[Stored items from a collection]
[Start of section]

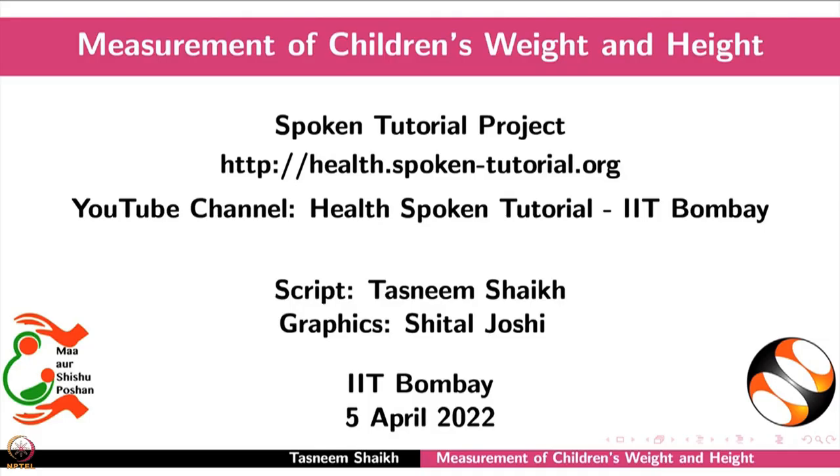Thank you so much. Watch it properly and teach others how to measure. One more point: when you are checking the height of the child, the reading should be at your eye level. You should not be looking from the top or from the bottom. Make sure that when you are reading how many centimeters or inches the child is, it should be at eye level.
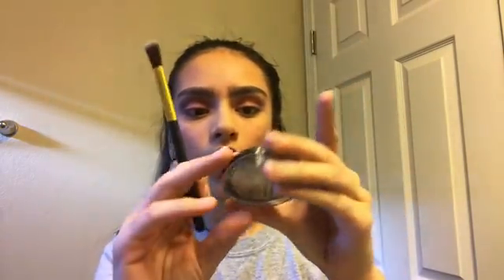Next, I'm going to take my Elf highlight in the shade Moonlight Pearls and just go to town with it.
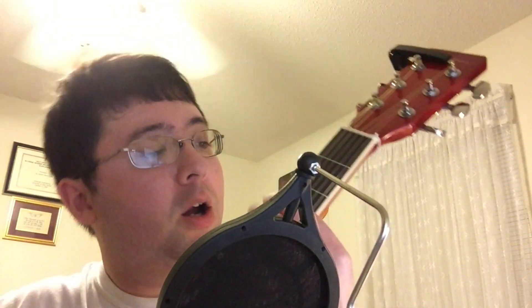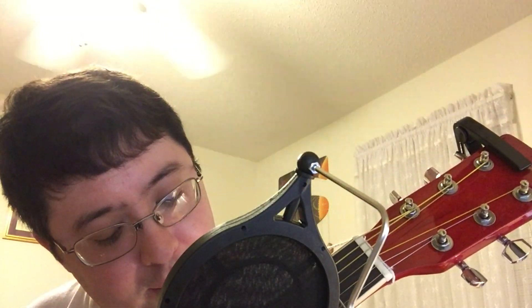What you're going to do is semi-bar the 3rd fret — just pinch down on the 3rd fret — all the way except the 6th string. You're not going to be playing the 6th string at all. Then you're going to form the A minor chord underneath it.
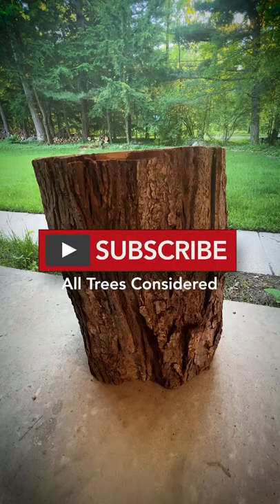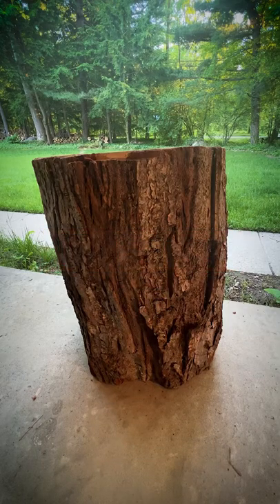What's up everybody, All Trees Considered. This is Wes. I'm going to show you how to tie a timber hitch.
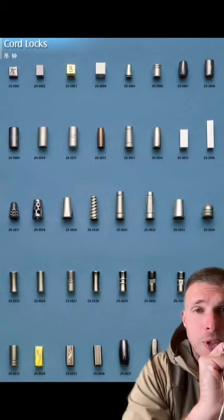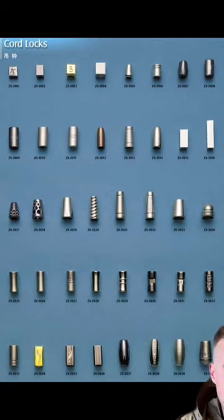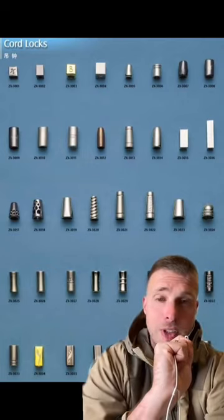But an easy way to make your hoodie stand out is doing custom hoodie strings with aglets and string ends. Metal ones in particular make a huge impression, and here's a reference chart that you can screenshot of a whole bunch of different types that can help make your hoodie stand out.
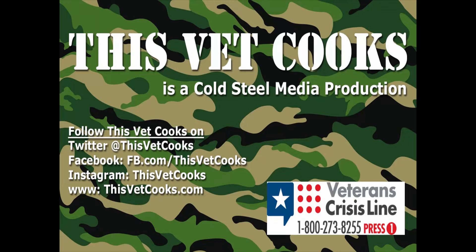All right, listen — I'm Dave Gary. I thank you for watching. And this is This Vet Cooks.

[End of section]
[Start of section]

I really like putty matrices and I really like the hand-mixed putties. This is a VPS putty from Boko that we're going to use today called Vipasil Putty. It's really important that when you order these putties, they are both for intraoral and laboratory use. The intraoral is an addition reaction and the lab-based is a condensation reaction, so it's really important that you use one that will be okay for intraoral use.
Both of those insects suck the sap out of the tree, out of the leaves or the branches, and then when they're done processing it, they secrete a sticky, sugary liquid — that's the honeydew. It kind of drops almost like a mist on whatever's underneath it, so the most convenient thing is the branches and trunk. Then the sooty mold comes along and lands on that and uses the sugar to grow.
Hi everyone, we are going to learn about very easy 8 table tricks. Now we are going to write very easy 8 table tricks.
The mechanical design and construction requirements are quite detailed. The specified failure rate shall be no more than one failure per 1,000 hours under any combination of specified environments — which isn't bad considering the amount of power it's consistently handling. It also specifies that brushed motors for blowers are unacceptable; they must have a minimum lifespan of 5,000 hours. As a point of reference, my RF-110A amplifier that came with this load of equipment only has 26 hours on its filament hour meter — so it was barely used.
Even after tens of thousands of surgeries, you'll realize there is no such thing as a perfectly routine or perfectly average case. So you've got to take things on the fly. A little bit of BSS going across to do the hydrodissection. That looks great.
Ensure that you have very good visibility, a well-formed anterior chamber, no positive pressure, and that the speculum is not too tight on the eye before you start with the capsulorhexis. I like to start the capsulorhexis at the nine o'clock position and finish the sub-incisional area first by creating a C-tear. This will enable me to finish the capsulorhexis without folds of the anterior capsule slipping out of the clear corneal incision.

[End of section]

> [EXERCISE DESCRIPTION] Search the records above for "thing" and copy every line that has it.

> [ANSWER BOX]
Both of those insects suck the sap out of the tree, out of the leaves or the branches, and then when they're done processing it, they secrete a sticky, sugary liquid — that's the honeydew. It kind of drops almost like a mist on whatever's underneath it, so the most convenient thing is the branches and trunk. Then the sooty mold comes along and lands on that and uses the sugar to grow.
Even after tens of thousands of surgeries, you'll realize there is no such thing as a perfectly routine or perfectly average case. So you've got to take things on the fly. A little bit of BSS going across to do the hydrodissection. That looks great.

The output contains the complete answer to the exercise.